Banks may be told to improve liquidity
Banks will be required to improve liquidity under a restructuring plan being considered by the State Bank of Viet Nam.
The State Bank pumped about VND71 trillion (US$3.38 billion) into the banking system via open market operations to shore up liquidity prior to the Tet (lunar new year) holiday, but banks remain under high compulsory reserve requirements and tight restrictions on granting credit.
National Financial Advisory Council vice chairman Le Xuan Nghia said that to improve bank liquidity in the long term, new tools were needed, included re-financing from the State Bank; higher compulsory reserves requirements to help regulate supplies of capital maintained by banks; and allowing banks holding gold on account to use funds raised against these holdings.

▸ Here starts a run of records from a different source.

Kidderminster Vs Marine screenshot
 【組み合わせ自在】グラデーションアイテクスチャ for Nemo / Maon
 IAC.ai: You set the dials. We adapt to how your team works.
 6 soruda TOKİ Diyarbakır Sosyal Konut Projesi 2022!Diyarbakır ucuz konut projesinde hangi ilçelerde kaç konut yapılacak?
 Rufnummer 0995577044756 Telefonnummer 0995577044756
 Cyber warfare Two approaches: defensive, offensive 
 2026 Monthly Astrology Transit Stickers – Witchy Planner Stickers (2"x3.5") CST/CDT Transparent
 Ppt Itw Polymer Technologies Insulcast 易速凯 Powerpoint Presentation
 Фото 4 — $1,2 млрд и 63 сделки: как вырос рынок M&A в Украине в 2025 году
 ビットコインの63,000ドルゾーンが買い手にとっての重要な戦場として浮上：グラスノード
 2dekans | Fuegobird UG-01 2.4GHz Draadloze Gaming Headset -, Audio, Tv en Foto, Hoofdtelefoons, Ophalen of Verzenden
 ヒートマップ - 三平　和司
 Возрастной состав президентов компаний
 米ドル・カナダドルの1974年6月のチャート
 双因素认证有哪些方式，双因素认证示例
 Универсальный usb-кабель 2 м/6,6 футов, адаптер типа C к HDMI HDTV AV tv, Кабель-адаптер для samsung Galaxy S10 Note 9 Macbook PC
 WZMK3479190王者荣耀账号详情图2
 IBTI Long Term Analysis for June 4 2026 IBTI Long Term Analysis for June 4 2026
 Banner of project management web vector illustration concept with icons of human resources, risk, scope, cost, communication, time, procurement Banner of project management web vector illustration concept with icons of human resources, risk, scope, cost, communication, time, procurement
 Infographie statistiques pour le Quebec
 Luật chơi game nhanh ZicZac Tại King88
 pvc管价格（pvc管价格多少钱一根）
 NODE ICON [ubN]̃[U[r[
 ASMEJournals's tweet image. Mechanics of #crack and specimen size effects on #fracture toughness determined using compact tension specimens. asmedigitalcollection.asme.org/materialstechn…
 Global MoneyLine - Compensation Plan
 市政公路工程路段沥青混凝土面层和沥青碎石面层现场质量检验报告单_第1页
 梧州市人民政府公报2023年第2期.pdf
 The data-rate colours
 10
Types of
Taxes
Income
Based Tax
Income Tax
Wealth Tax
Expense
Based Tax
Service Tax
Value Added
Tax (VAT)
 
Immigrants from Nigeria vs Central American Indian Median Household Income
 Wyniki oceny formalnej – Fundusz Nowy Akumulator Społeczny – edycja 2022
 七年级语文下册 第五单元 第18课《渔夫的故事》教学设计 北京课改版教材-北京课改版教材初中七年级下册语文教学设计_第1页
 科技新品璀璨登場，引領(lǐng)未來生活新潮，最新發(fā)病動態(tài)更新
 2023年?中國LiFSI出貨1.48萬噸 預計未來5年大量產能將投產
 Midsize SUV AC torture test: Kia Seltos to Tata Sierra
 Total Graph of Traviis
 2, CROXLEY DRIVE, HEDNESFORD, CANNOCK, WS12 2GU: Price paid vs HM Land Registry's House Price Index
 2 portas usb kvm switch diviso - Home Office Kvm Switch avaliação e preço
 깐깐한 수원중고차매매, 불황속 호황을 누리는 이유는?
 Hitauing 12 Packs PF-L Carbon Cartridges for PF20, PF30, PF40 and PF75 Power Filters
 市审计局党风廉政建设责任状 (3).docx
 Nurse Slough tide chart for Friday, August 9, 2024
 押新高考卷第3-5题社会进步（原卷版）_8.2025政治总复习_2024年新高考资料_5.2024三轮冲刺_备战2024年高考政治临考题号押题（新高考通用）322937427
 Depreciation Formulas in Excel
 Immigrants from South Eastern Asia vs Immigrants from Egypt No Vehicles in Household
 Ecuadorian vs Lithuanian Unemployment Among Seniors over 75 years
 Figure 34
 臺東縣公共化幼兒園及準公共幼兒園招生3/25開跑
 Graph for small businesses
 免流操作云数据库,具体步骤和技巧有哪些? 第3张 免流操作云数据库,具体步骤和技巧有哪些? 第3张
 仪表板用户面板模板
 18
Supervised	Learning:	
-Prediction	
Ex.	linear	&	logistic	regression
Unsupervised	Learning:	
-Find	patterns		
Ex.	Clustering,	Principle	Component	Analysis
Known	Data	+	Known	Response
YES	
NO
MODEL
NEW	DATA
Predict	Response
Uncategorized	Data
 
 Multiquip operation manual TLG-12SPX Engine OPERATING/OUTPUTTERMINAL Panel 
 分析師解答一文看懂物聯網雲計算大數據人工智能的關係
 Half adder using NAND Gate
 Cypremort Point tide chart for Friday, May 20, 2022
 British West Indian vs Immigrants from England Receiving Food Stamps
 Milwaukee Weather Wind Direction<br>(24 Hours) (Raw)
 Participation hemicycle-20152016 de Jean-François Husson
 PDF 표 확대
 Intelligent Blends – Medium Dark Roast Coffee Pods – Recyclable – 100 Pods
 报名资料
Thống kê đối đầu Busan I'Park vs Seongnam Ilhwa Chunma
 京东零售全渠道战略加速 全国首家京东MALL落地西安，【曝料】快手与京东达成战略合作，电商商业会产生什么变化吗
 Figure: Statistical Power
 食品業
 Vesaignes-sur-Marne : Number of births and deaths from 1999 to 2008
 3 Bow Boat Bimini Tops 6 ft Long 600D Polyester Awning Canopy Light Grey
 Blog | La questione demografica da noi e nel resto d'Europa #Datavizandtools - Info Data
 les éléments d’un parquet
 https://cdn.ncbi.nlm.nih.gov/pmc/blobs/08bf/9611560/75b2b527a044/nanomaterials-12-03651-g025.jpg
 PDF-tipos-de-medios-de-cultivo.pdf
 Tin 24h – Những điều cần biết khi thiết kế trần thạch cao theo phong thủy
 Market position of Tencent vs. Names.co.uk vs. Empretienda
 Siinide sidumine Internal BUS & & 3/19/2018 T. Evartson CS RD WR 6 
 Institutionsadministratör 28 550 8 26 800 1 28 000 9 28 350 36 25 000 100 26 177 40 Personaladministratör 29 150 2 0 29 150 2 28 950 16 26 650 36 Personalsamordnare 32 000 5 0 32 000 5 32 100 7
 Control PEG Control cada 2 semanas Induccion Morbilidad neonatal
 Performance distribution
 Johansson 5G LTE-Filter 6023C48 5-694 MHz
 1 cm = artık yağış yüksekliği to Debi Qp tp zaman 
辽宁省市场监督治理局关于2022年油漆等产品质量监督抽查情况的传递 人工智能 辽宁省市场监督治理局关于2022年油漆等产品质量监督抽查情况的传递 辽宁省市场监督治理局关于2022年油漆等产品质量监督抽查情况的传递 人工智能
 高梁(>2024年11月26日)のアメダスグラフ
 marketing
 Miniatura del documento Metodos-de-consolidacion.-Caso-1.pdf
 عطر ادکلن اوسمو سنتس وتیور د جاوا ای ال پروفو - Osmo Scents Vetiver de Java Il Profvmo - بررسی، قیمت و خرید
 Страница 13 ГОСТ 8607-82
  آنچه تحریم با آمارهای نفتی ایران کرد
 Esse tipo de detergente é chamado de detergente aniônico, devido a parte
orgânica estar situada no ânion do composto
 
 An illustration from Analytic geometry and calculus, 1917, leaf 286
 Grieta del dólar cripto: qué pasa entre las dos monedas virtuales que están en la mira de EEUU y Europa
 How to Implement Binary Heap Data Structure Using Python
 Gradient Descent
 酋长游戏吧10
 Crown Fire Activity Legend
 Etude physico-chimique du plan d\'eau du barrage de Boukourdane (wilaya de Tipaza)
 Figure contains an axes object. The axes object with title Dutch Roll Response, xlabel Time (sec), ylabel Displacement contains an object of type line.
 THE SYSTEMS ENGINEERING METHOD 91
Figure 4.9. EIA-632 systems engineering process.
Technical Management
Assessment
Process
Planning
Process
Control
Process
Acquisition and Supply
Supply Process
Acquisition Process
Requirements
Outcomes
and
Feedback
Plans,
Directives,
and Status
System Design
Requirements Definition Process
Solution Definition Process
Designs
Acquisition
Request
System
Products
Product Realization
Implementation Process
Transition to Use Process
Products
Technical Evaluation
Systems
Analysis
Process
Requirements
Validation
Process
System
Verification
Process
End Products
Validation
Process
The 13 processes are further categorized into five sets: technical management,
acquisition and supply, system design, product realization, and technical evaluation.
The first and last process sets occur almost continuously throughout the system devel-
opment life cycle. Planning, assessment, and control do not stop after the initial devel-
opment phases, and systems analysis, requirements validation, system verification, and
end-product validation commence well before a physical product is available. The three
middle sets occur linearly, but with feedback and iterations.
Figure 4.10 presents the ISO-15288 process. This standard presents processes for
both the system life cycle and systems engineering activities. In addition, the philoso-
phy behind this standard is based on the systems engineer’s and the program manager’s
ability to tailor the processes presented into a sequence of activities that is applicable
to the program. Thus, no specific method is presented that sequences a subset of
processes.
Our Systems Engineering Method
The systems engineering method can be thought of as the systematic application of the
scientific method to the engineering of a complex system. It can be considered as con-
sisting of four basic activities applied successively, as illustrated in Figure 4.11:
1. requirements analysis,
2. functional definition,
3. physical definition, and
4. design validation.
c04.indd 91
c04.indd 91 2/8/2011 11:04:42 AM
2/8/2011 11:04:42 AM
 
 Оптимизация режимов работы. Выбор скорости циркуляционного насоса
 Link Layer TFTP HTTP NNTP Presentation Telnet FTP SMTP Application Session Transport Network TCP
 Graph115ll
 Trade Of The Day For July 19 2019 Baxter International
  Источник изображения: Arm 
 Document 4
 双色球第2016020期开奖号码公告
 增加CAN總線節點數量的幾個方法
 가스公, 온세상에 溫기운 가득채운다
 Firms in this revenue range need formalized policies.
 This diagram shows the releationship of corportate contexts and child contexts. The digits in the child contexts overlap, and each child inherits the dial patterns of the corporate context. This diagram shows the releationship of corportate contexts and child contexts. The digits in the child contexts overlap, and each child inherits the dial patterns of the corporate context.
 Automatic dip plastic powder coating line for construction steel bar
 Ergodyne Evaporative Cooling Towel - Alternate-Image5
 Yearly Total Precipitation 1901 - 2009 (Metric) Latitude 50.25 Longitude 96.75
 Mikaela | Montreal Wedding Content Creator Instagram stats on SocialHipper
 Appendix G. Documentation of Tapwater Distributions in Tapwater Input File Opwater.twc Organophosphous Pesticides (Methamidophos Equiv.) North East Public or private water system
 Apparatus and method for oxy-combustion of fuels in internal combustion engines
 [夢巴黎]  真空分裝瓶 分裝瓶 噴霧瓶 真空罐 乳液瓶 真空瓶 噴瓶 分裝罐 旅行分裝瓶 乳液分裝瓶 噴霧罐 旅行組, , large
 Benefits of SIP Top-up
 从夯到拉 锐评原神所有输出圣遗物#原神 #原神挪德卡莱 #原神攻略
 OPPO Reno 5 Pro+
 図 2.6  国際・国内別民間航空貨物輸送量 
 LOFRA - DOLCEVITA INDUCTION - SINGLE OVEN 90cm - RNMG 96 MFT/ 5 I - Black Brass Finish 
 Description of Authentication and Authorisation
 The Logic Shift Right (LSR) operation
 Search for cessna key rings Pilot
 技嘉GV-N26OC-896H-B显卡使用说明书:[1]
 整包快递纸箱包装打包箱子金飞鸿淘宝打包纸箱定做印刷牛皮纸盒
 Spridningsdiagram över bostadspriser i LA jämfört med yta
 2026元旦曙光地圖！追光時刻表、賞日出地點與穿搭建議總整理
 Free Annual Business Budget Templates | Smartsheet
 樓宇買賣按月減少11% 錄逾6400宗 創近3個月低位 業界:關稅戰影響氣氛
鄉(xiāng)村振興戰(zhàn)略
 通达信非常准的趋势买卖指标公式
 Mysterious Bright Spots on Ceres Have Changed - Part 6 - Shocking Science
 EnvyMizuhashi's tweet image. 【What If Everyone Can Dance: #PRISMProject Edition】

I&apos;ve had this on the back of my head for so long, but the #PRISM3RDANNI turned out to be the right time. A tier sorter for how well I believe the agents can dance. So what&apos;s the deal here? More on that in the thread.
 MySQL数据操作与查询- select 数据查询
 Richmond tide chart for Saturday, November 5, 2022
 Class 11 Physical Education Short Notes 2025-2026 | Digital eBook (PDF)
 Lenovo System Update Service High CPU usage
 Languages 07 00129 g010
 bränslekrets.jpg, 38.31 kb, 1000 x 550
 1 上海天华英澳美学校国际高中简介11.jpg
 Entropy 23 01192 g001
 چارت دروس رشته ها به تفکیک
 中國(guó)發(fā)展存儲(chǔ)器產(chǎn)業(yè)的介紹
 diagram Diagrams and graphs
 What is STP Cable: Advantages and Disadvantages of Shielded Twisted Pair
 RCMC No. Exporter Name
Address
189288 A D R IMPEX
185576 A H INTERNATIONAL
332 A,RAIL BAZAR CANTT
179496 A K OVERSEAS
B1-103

Last week, the central bank granted permission to five credit institutions to maintain their compulsory reserves in Vietnamese dong at below regulated levels for a five-month period starting this month.
The Mekong Development Commercial Bank, Mekong Housing Bank, Agribank, LienViet Post Bank and Central People's Credit Fund will be allowed to maintain compulsory reserves 20 per cent below the levels required under current regulations.
The lower compulsory reserves requirements were tied, however, to requirements that would require them to loan the additional funds to agricultural producers, rural development projects and exporters.
At the monthly Government meeting last Saturday, Nguyen Thi Hong, director of the State Bank's monetary policy department, said that the liquidity of credit institutions had improved since Tet, with banks and credit institutions attracting a significant volume of deposits.
When the nation's ongoing problem with inflation is brought under control, deposit interest rates should be deregulated and lending interest rates lowered, giving banks a higher margin on capital, Nghia said, forecasting that this would likely take place early in the second quarter of this year.
At the same time, monetary and fiscal policies should be implemented flexibly and prudently with an aim at giving top priority to key industries, he said, adding that measures also needed to be taken to promote the development of the nation's real estate and capital markets.